- SOURCE RECORDS:
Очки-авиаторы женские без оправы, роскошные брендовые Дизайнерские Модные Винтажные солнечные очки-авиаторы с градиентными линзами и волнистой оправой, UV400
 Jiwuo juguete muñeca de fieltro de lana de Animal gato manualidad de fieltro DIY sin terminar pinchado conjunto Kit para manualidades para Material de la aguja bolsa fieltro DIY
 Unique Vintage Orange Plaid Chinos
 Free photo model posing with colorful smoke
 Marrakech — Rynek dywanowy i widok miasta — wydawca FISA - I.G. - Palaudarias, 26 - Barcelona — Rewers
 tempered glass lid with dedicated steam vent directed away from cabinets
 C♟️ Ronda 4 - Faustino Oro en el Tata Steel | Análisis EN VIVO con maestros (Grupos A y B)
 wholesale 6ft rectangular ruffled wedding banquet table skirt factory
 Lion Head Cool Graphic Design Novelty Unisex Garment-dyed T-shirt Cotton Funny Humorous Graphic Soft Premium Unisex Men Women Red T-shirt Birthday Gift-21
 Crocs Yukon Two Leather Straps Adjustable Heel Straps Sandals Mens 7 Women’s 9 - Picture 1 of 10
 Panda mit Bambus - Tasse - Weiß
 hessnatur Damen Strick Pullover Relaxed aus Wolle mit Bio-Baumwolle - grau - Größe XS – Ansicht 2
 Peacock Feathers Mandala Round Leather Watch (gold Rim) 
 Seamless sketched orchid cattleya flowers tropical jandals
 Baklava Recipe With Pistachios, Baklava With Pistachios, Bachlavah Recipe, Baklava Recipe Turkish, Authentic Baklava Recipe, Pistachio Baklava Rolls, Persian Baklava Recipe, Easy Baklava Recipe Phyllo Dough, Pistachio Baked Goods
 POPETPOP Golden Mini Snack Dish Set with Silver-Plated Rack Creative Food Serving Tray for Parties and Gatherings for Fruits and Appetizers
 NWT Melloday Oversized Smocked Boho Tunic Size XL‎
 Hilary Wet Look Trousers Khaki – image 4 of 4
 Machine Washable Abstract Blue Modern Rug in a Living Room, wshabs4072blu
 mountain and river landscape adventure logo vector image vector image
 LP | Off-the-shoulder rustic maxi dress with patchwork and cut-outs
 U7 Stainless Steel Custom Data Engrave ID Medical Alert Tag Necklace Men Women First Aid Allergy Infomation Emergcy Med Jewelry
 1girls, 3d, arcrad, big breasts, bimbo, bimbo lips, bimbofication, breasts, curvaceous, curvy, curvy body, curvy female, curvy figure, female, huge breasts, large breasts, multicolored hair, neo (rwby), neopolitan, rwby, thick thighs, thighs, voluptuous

- PROBLEM TO WORK ON:
Go through the material and copy each line in which the word "Women" occurs.

- YOUR SOLUTION:
 Lion Head Cool Graphic Design Novelty Unisex Garment-dyed T-shirt Cotton Funny Humorous Graphic Soft Premium Unisex Men Women Red T-shirt Birthday Gift-21
 Crocs Yukon Two Leather Straps Adjustable Heel Straps Sandals Mens 7 Women’s 9 - Picture 1 of 10
 U7 Stainless Steel Custom Data Engrave ID Medical Alert Tag Necklace Men Women First Aid Allergy Infomation Emergcy Med Jewelry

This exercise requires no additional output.